Final approval of a major subdivision shall expire 95 days from the date of signing of the plat unless within such period the plat shall have been duly filed by the developer with the county recording officer. The Planning Board may for good cause shown extend the period for recording for an additional period not to exceed 190 days from the date of signing of the plat. The Planning Board may extend the ninety-five-day or one-hundred-ninety-day period if the developer proves to the reasonable satisfaction of the Planning Board: that the developer was barred or prevented, directly or indirectly, from filing because of delays in obtaining legally required approvals from other governmental or quasi-governmental entities; and that the developer applied promptly for and diligently pursued the required approvals. The length of the extension shall be equal to the period of delay caused by the wait for the required approvals, as determined by the Planning Board. The developer may apply for an extension either before or after the original expiration date.
The approving authority shall, for the purposes of Section 41 of P.L. 1975, c.291 accept a performance guarantee or maintenance guarantee which is an irrevocable letter of credit if it:
A. 
Constitutes an unconditional payment obligation of the issuer running solely to the Township for an express initial period of time in the amount determined pursuant to Section 41 of P.L. 1975, c.291 (N.J.S.A. 40:55D-53);
B. 
Is issued by a banking or savings institution authorized to do and doing business in this state;
C. 
Is for a period of time of at least one year; and
D. 
Permits the municipality to draw upon the letter of credit if the obligor fails to furnish another letter of credit which complies with the provisions of this chapter 30 days or more in advance of the expiration date of the letter of credit or such longer period in advance thereof as is stated in the letter of credit.
The cost of the installation of improvements for the purposes of Section 41 of P.L 1975, c.291 (N.J.S.A. 40:55D-53) shall be estimated by the Township Engineer based upon documented construction costs for public improvements prevailing in the general area of the Township. The developer may appeal the Township Engineer's estimate to the governing body. The governing body shall decide the appeal within 45 days after receipt of the appeal in writing by the Township Clerk. After the developer posts a guarantee with the Township based on the cost of the installation of improvements as determined by the governing body, he/she may institute legal action within one year of the posting in order to preserve the right to a judicial determination to the fairness and reasonableness of the amount of the guarantee.
The Township shall include as a condition of approval of an application for development the installation of streetlighting on a dedicated public street connected to a public utility.
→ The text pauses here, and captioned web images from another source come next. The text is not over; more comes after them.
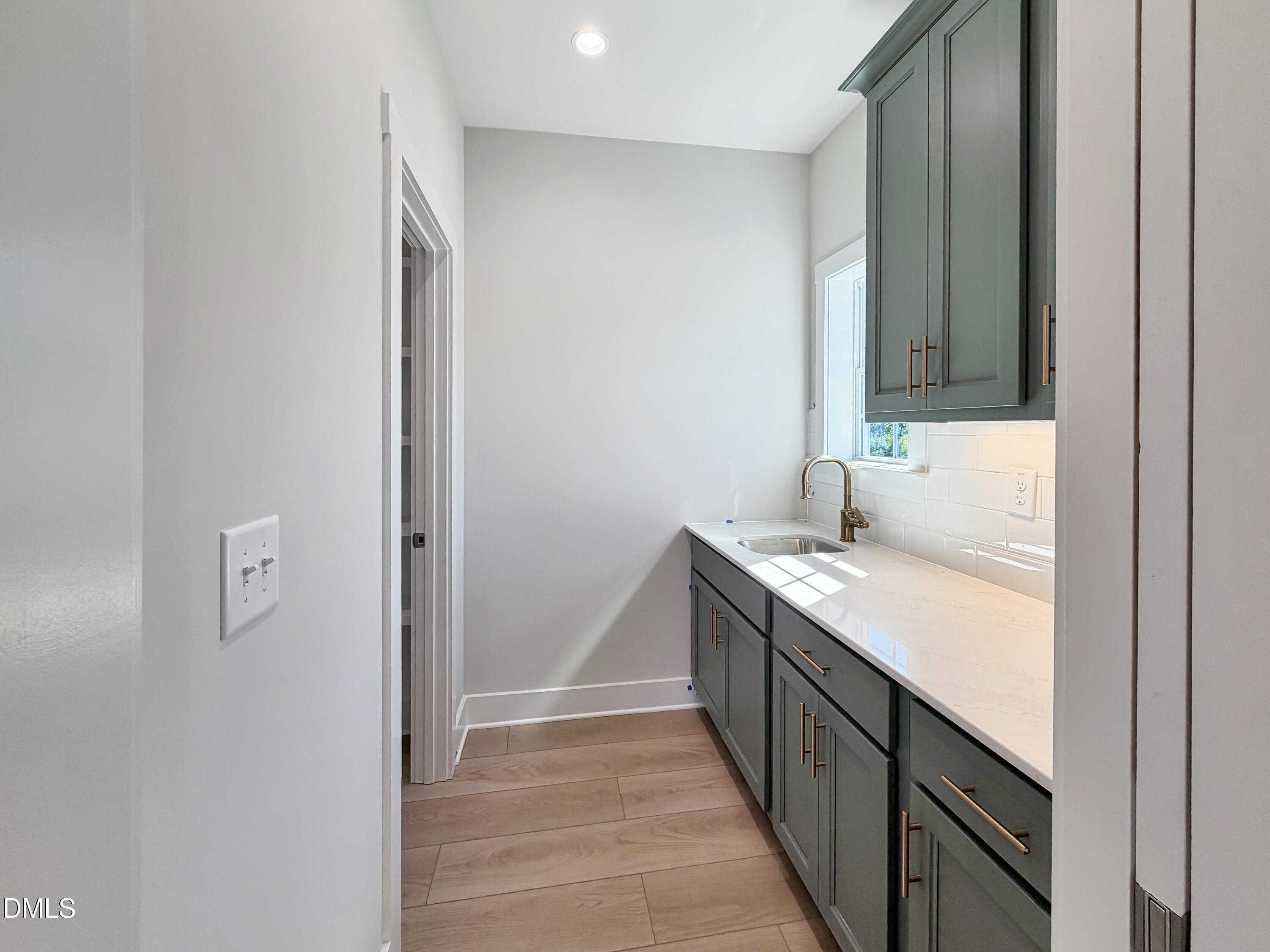 153 Isabelle Valley Drive Property Photo 25
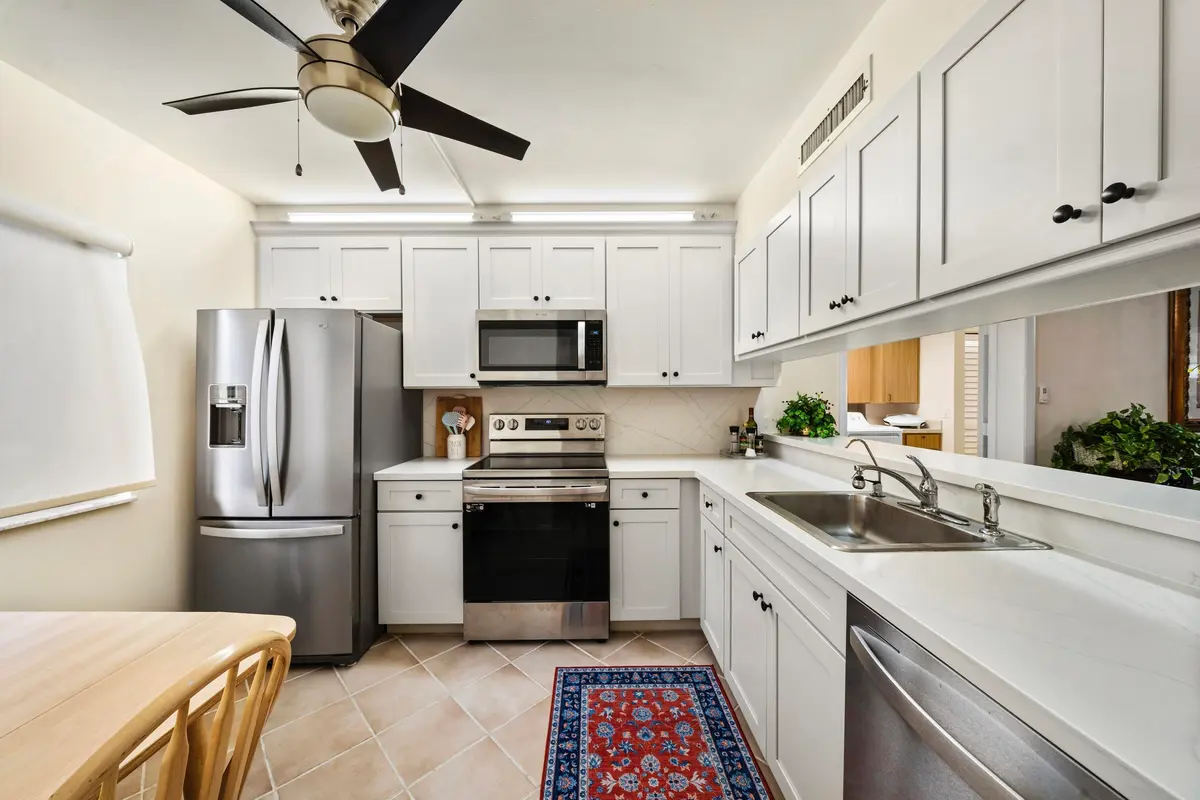 Kitchen at 601 Seafarer Circle 104, Jupiter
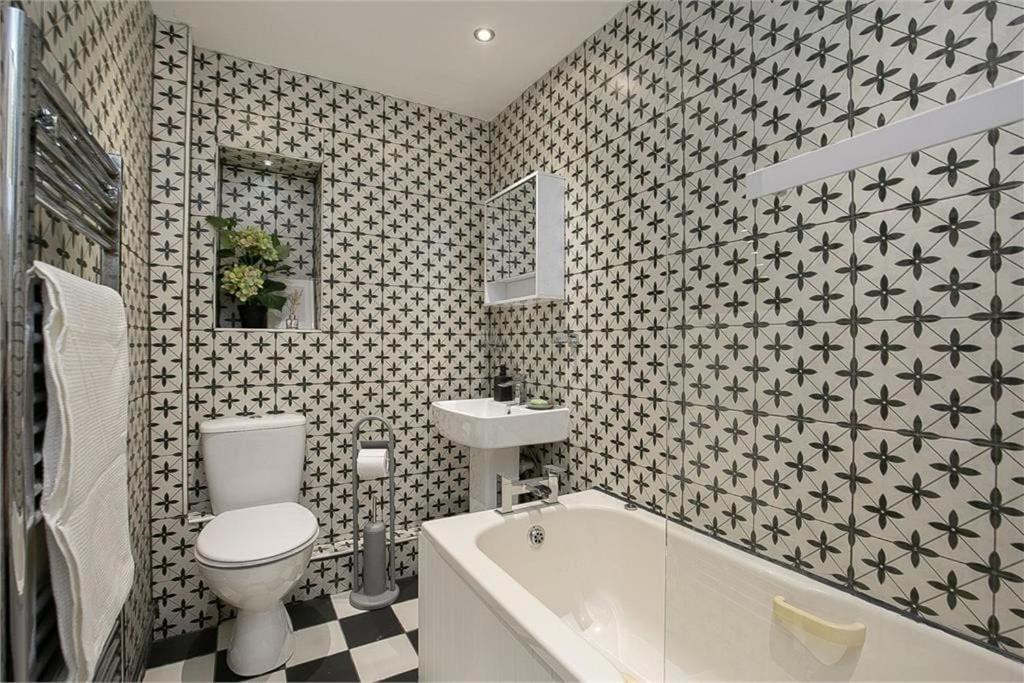 Dreghorn House 4 Bedrooms 3 Toilets 3 Reception Free Parking 233 Mbp Wifi EDI Exterior foto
Upon notification in writing by the developer to the approving authority and the governing body of the Township that: the streetlighting on a dedicated public street has been installed and accepted for service by the public utility; and that certificates of occupancy have been issued for at least 50% of the dwelling units and percent of the floor area of the nor residential uses on the dedicated public street or portion thereof indicated by section pursuant to Section 29 of P.L, 1975, c.291 (N.J.S.A. 40:55D-38), the Township shall, within days following receipt of the notification, make appropriate arrangements with the public utility for, and assume the payment of, the costs of the streetlighting on the dedicated public street on a continuing basis. Compliance by the municipality with the provisions of this section shall not be deemed to constitute acceptance of the street by the municipality.